Ce Chilien expatrié en France n’avait pas tourné depuis plus de vingt ans. Par-dessus le marché, El topo et La montagne sacrée avaient été retirés du marché durant 30 ans, après dispute avec le producteur. Des bruits couraient sur une mégaproduction à naître avec l’argent de Russes mafieux (un projet avorté). Mais il ne désespérait pas de réaliser, à compte d’auteur au besoin, La danza de la realidad (titre de son autobiographie publiée chez Albin Michel).

 

Une rencontre entre Jodorowsky et le producteur Michel Seydoux fut déterminante pour ce film. Ils ne s’étaient pas vus depuis l’échec retentissant du projet Dune, au milieu des années 70. Seydoux accepta tout de go de lui fournir 1 million pour La danza de la realidad. Les économies du cinéaste et un peu d’argent récolté çà et là ont fait le reste.

 

Or ce film, accueilli à bras ouverts à la Quinzaine des réalisateurs du dernier Festival de Cannes, assure la clôture du Festival du nouveau cinéma ce samedi à Montréal.

 

Thérapie familiale

 

C’est son fils et acteur Brontis Jodorowsky qui accompagne l’oeuvre en question, mais Alejandro, par l’entremise d’une petite vidéo qu’il assure drolatique, offrira aux Montréalais sa présence virtuelle. Brontis, qui joua dans les films de son père, est un comédien de théâtre (longtemps avec Ariane Mnouchkine) et un metteur en scène averti. Dans La danza de la realidad, ses frères aussi sont de la partie. Christobal incarne un moine bouddhiste, Adan, un anarchiste. Alejandro, qui joue le héros à l’âge mûr, voit ses oeuvres comme des entreprises familiales. Sa femme, Pascale Montandon-Jodorowsky, a créé les costumes.

 

« Suis-je marqué par l’oeuvre paternelle ? Oui, répond Brontis, pour autant qu’elle émane de sa personne.
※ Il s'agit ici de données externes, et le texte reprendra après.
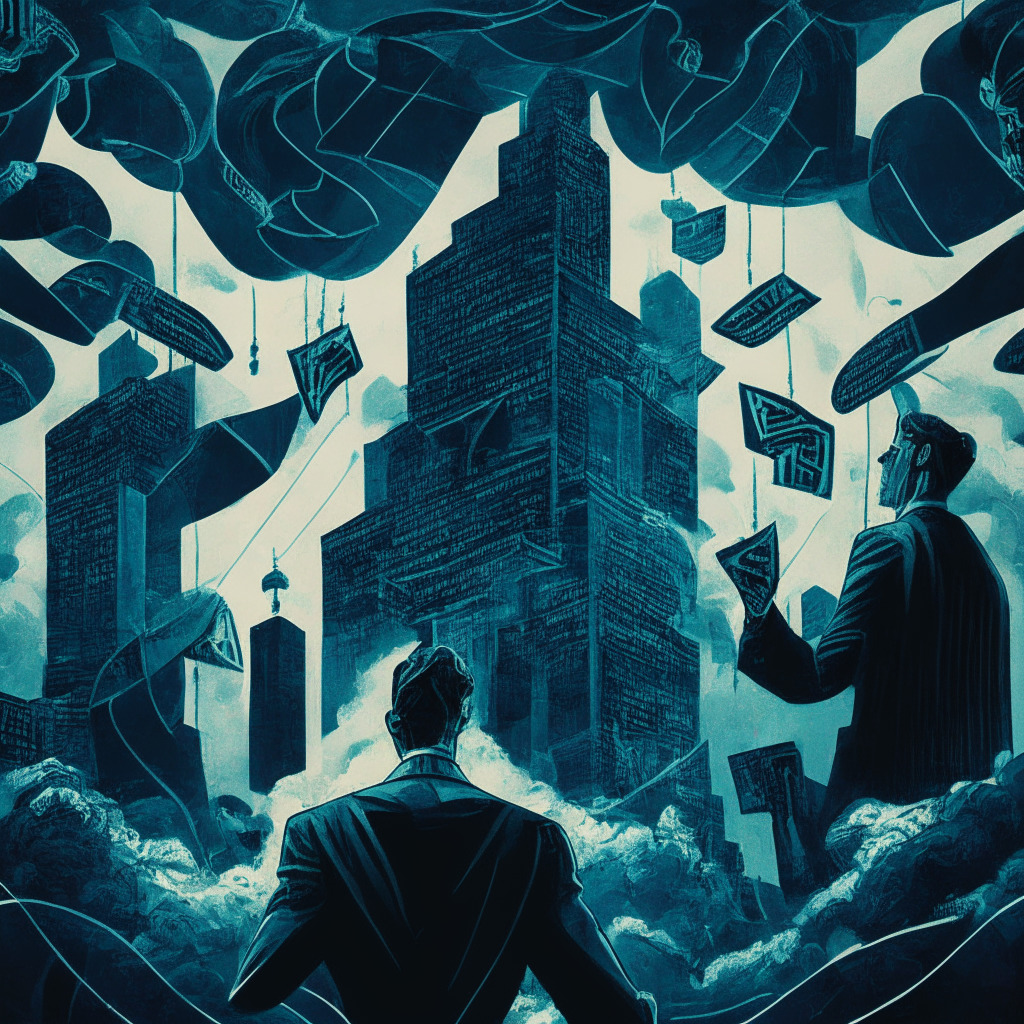 A dramatic depiction of a chaotic financial skyline, dual towers symbolizing the Winklevoss twins and Genesis Global looming over a sea of swirling cryptocurrency. In the foreground, a gloomy courtroom scene illustrates a tense legal battle. The image is fusing cubism and surrealism effects, with a moody, dark and gloomy lighting that creates a sense of uncertainty and intrigue.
J’ai été élevé par un artiste et ma vie en demeure imprégnée. »

 

Le film est basé sur trois des livres paternels : La danse de la réalité, L’enfant du jeudi noir et L’arbre du dieu pendu.

 

Brontis (nom grec qui signifie tonnerre) incarne à l’écran le terrible père de son père, bouclant la boucle familiale. Né en 1929 dans la petite ville minière chilienne de Tocopilla, d’une famille d’exilés juifs russes, Alejandro avait eu à subir l’éducation spartiate d’un père épris de virilité et les élans nostalgiques d’une mère qui voyait en lui la réincarnation de son propre père (dans le film, elle chante au lieu de parler). Un départ canon pour sa vie en perpétuelle quête de sens, dont on voit ici les prémisses, jusqu’au départ pour la France : son film le plus autobiographique à ce jour.

 

« Tout s’est déroulé alors très vite après avoir eu le feu vert, dit Brontis. On a tourné à Tocopilla, où mon père, qui était ostracisé enfant pour ses origines, est désormais accueilli en héros. Je n’y avais jamais mis les pieds, mais il assure que ça n’a pas bougé. On a tourné dans le même salon de coiffure où il s’était fait couper sa tignasse d’enfant. La ville m’a aidé à comprendre mon père, car j’ai vraiment découvert d’où il venait. Au moment de jouer mon père, je me suis contenté de rendre ce qu’il y avait dans le scénario, mais quand La danza de la realidad fut lancé à Cannes, l’effet thérapie familiale a commencé à agir et la charge symbolique du père en fut pour moi transformée. »

 

La danza de la realidad est un film aussi baroque que les précédents, hyperchargé, avec ses habituels travailleurs du cirque (Alejandro Jodorowsky a fait ses débuts au cirque) : nains, clowns, etc., et ses estropiés (la mine a rendu infirmes nombre de travailleurs). Univers jodorowskien qui ne devrait rien à Fellini ou à Buñuel, mais qui, dans sa surcharge, son énergie protéiforme, semble puiser dans le cinéma ce qu’il a vraiment puisé dans une existence marquée au sceau du bizarre.

 

« Ce film explique les autres, raconte Brontis Jodorowsky. Mon père dit toujours qu’il faudrait voir son oeuvre en commençant par la fin. La danse de la réalité n’est pas une quête mentale comme dans le désespéré El topo. J’y jouais alors le fils [Alejandro, en fait], à qui son père dit : “Tu as sept ans, tu es un homme. Enterre le portrait de ta mère.” La danza de la realidad brasse les mêmes éléments, mais avec plus de sérénité car il s’adresse au coeur. »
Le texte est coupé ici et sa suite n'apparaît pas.